TASK TO COMPLETE: Reproduce the listing below from the line with "Black short sleeved romper - Picture 2 of 3" to the line with "23409 Tailor Shop", both lines included, character for character, minus any pictures.

TASK MATERIAL section start

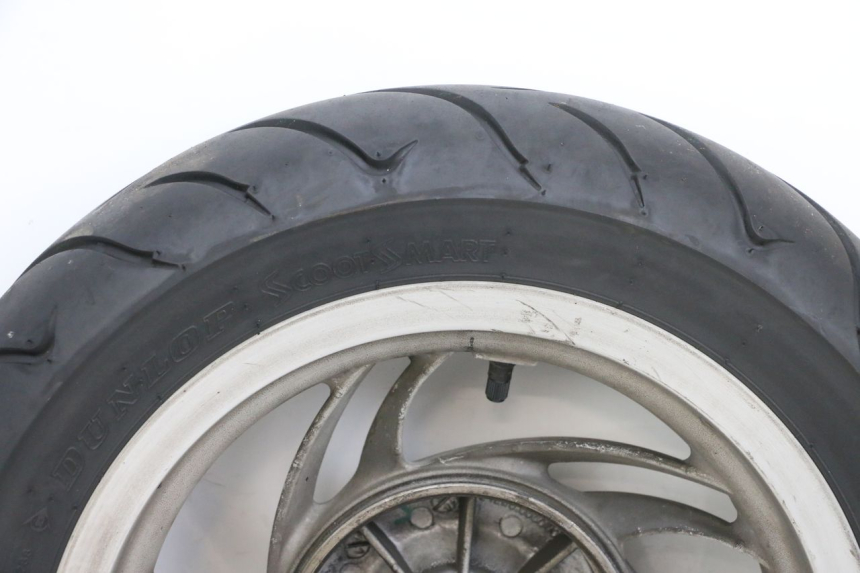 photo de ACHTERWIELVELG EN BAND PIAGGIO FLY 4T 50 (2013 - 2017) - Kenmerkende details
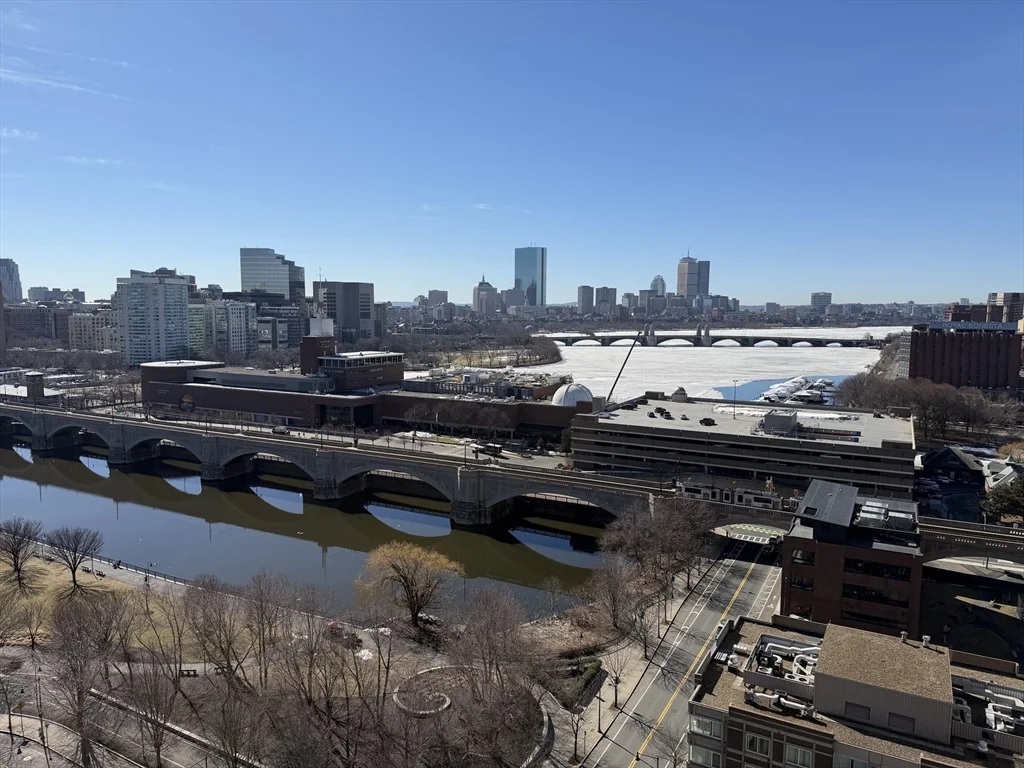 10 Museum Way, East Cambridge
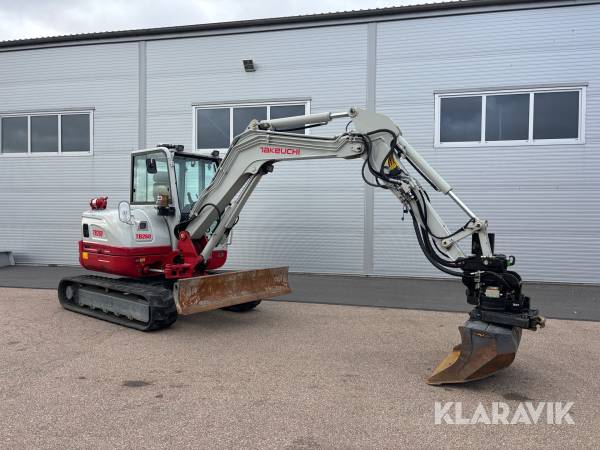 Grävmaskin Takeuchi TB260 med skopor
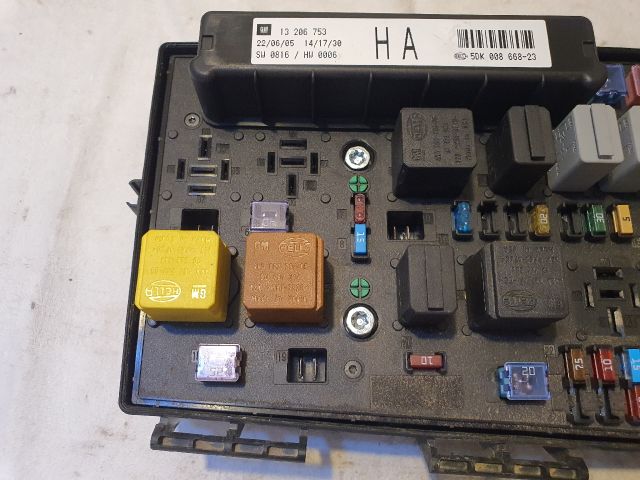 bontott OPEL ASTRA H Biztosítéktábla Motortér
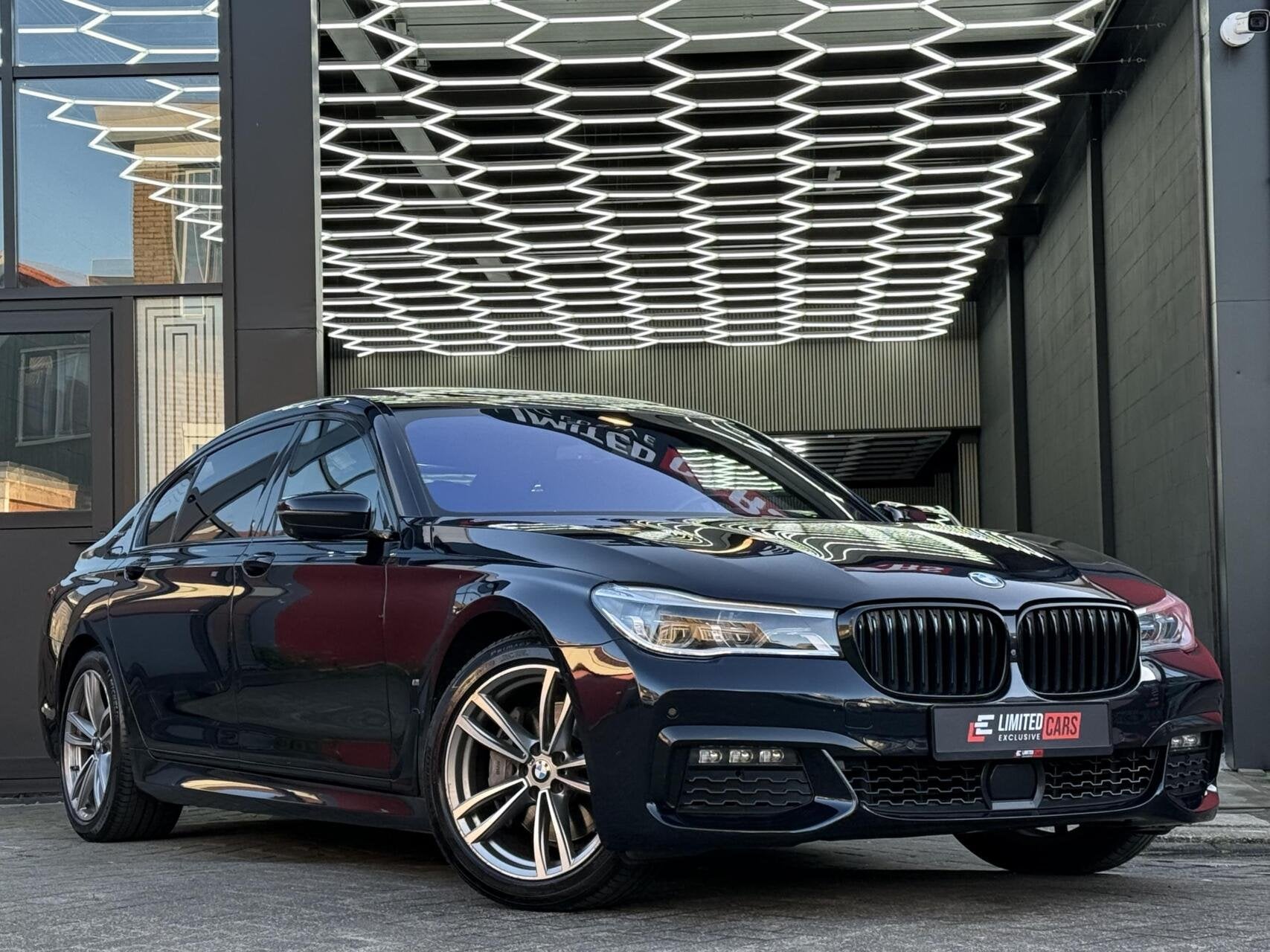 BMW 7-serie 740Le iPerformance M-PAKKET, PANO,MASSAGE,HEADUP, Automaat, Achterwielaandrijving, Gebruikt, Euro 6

TASK MATERIAL section end
TASK MATERIAL section start

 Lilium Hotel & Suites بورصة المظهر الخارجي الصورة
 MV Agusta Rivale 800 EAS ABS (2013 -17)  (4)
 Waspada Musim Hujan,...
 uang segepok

TASK MATERIAL section end
TASK MATERIAL section start

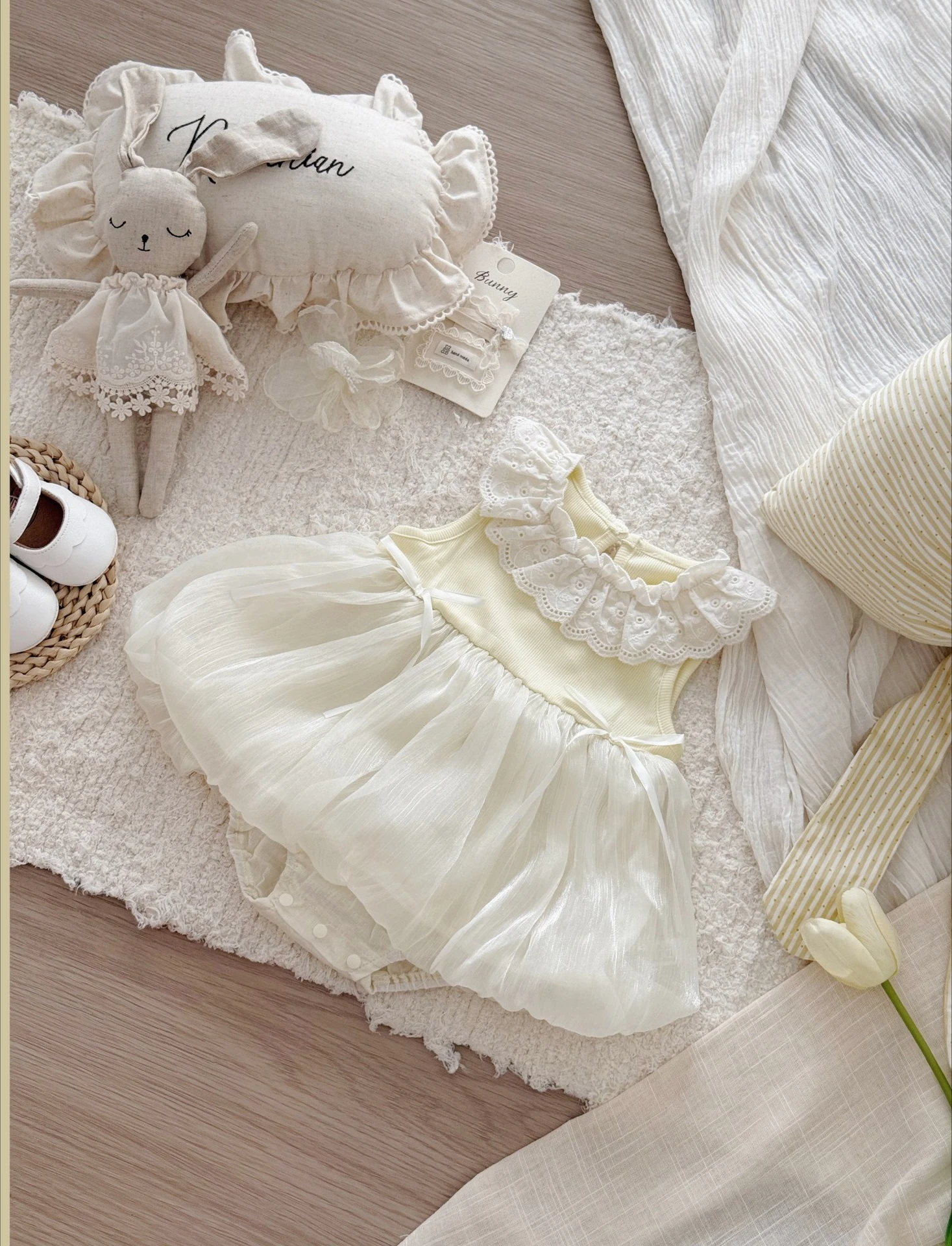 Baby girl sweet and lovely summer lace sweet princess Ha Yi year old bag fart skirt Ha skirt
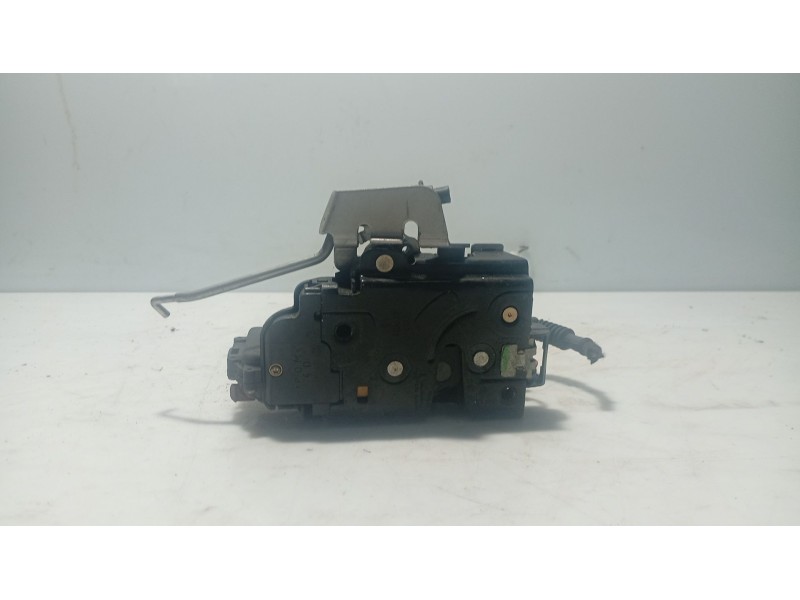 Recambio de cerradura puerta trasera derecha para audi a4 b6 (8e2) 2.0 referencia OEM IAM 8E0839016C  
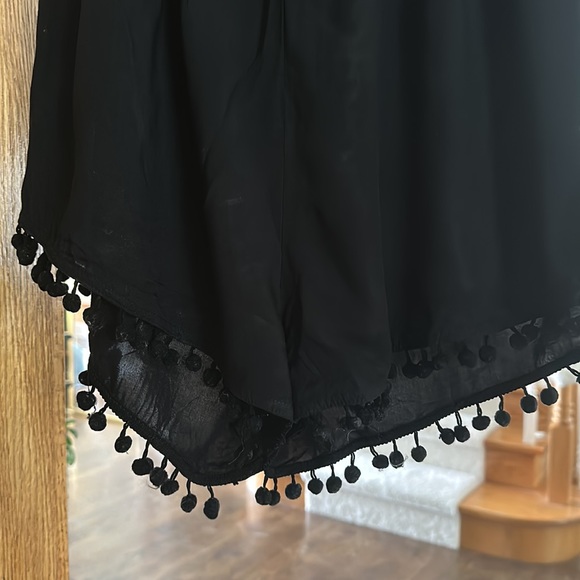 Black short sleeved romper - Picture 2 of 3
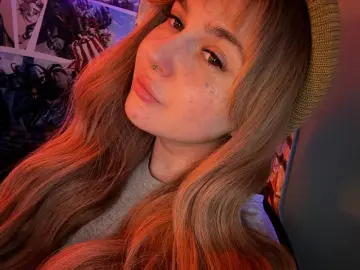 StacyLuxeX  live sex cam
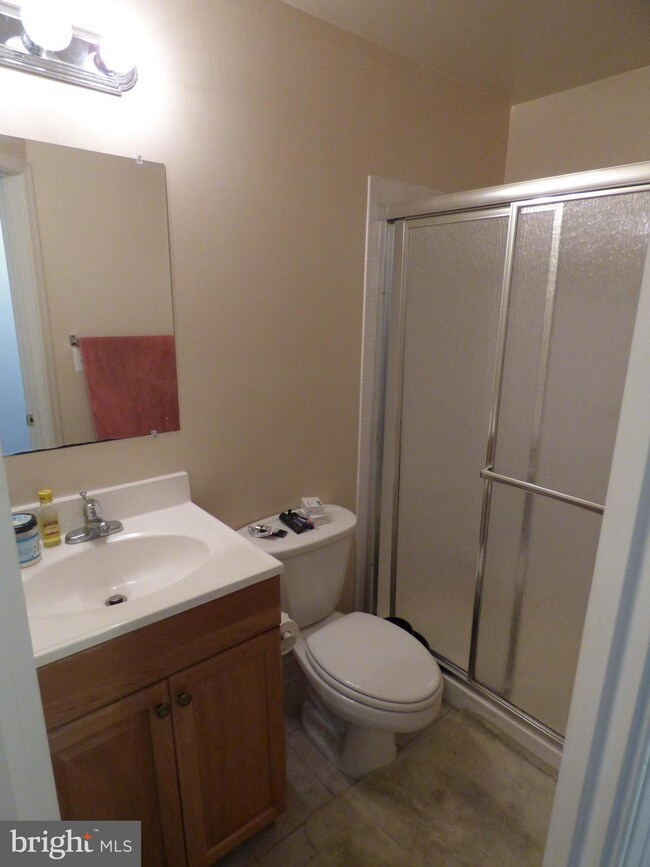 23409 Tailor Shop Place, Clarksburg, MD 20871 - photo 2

TASK MATERIAL section end

PROBLEM SOLUTION:
 Black short sleeved romper - Picture 2 of 3
 StacyLuxeX  live sex cam
 23409 Tailor Shop Place, Clarksburg, MD 20871 - photo 2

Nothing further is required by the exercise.